Abstract

The acute and short-term effects of treatment with 10 consecutive doses of isosorbide dinitrate 40 mg t.i.d. and molsidomine 8 mg t.i.d. in slow release formulations were investigated in 10 patients with angiographically documented coronary artery disease and stable angina pectoris according to a randomized, double-blind, double-dummy, cross-over study design using conventional symptom-limited exercise testing. Acute exercise testing 3 h following the first dose of ISDN and molsidomine showed a significant reduction of maximal ST segment depression and of the area above the ST segments. Time to occurrence of 0.1 mV ST segment depression, exercise duration, time to onset of angina and exercise tolerance increased significantly.
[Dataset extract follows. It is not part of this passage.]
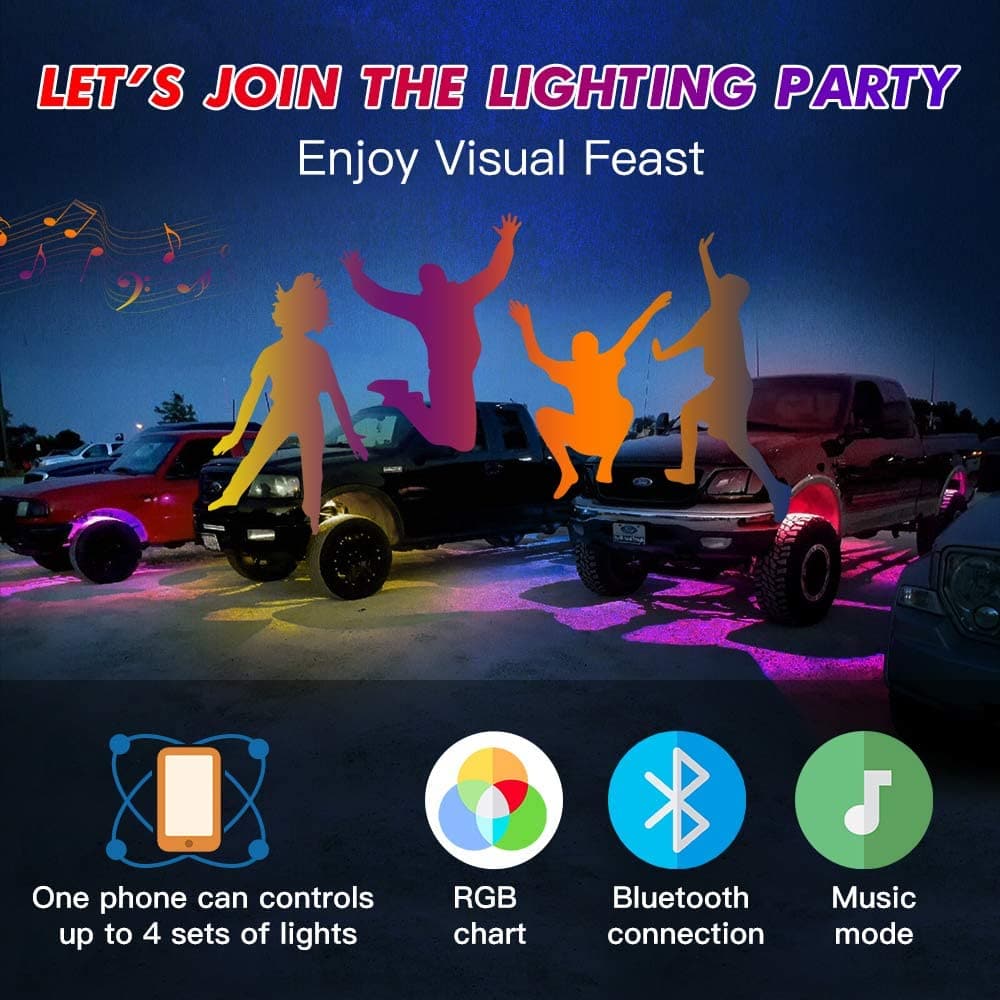 BEVINSEE RGB LED Rock Lights Bluetooth/APP Control for Trucks UTV ATV SUV | 8 Pods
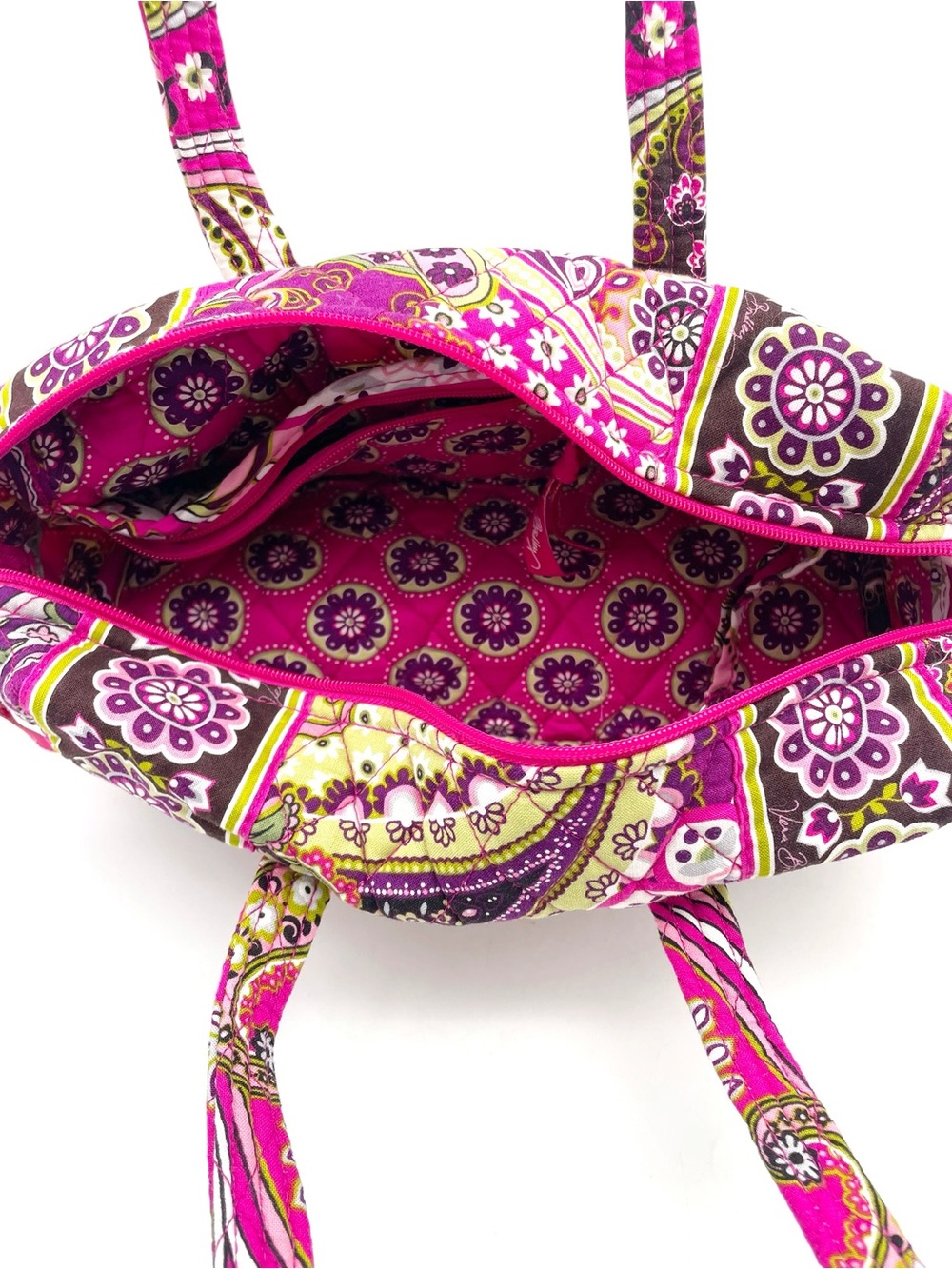 Vera Bradley Original Handbag Very Berry Paisley Pink Purple Barrel Shoulder Bag - Picture 6 of 11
On the fourth treatment day with ISDN and molsidomine an attenuation of these antiischaemic effects was seen. The mean effects on ST segment depression, area above ST segments, time to occurrence of 0.1 mV ST segment depression, exercise duration, time to onset of angina and exercise tolerance were reduced by 40%, 44%, 47%, 58%, 54% and 65%, respectively, in patients administered ISDN and by 33%, 48%, 58%, 59%, 45% and 60% in those given molsidomine. Thus, following sustained short-term therapy the antiischaemic effects of both drugs seem to be attenuated. In this report no marked differences were found between ISDN and molsidomine.